When your view needs to handle multiple gestures, use this as a quick cheat sheet:

  • Both gestures at the same time?.simultaneously(with:)
  • Second gesture only after the first completes?.sequenced(before:)
  • Only one gesture should win?.exclusively(before:)
  • Parent gesture should override child?.highPriorityGesture()

Frequently Asked Questions

How do I combine a pinch and rotation gesture in SwiftUI?

Use .simultaneously(with:) to attach a MagnifyGesture and RotateGesture to the same view. Both gestures will recognize at the same time, letting the user pinch to zoom and rotate with two fingers in one fluid motion. Store the cumulative scale and angle in @GestureState properties for automatic reset.

Why does my SwiftUI gesture stop working inside a ScrollView?

SwiftUI's ScrollView claims drag gestures for scrolling, so your DragGesture gets swallowed. To fix this, use .simultaneousGesture() or increase the minimumDistance parameter on your DragGesture so it doesn't compete with scrolling. Another solid option: gate your drag behind a LongPressGesture using .sequenced(before:).

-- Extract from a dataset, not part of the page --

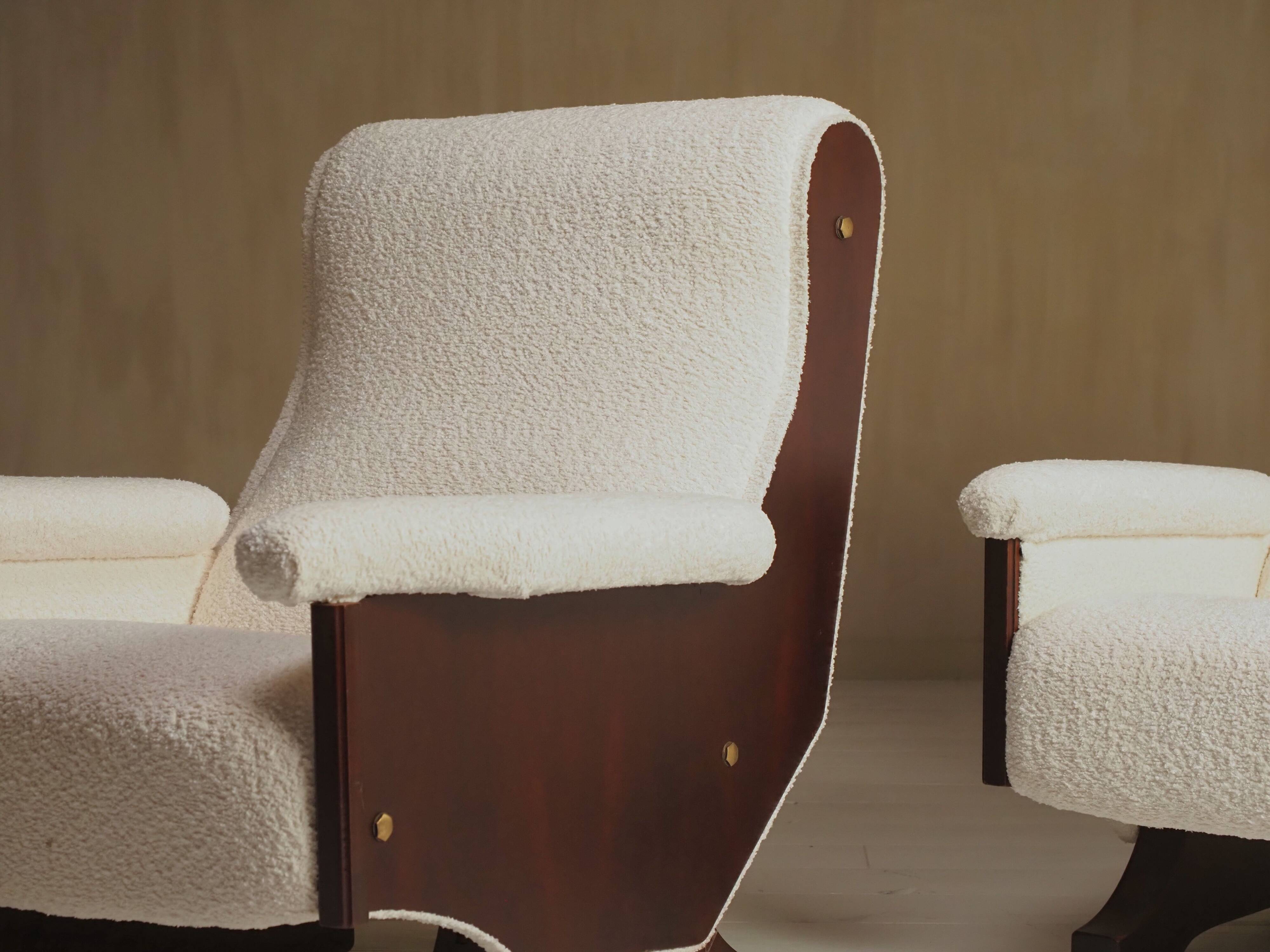 Pair of 1960s Italian Modern Walnut and Boucle Armchairs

What is the difference between @GestureState and @State for gestures?

@GestureState automatically resets to its initial value when the gesture ends — you don't need to manually reset it in onEnded. Use @GestureState for temporary values during the gesture (like drag offset) and @State for values that should stick around after the gesture completes (like final position).

How do I create a long press then drag gesture in SwiftUI?

Chain a LongPressGesture with a DragGesture using .sequenced(before:). The drag only activates after the long press succeeds. Use an enum-based @GestureState to track whether you're in the pressing or dragging phase, and update the view's appearance accordingly for clear visual feedback.

Can I use SwiftUI gestures with UIKit views?

Yes, but with some caveats. When wrapping UIKit views with UIViewRepresentable, you can attach SwiftUI gestures to the wrapper view. However, if the UIKit view has its own UIGestureRecognizer instances, they'll likely conflict with SwiftUI's gesture system. In those cases, it's usually cleaner to manage gestures entirely on the UIKit side and communicate state changes back to SwiftUI through bindings or the coordinator pattern.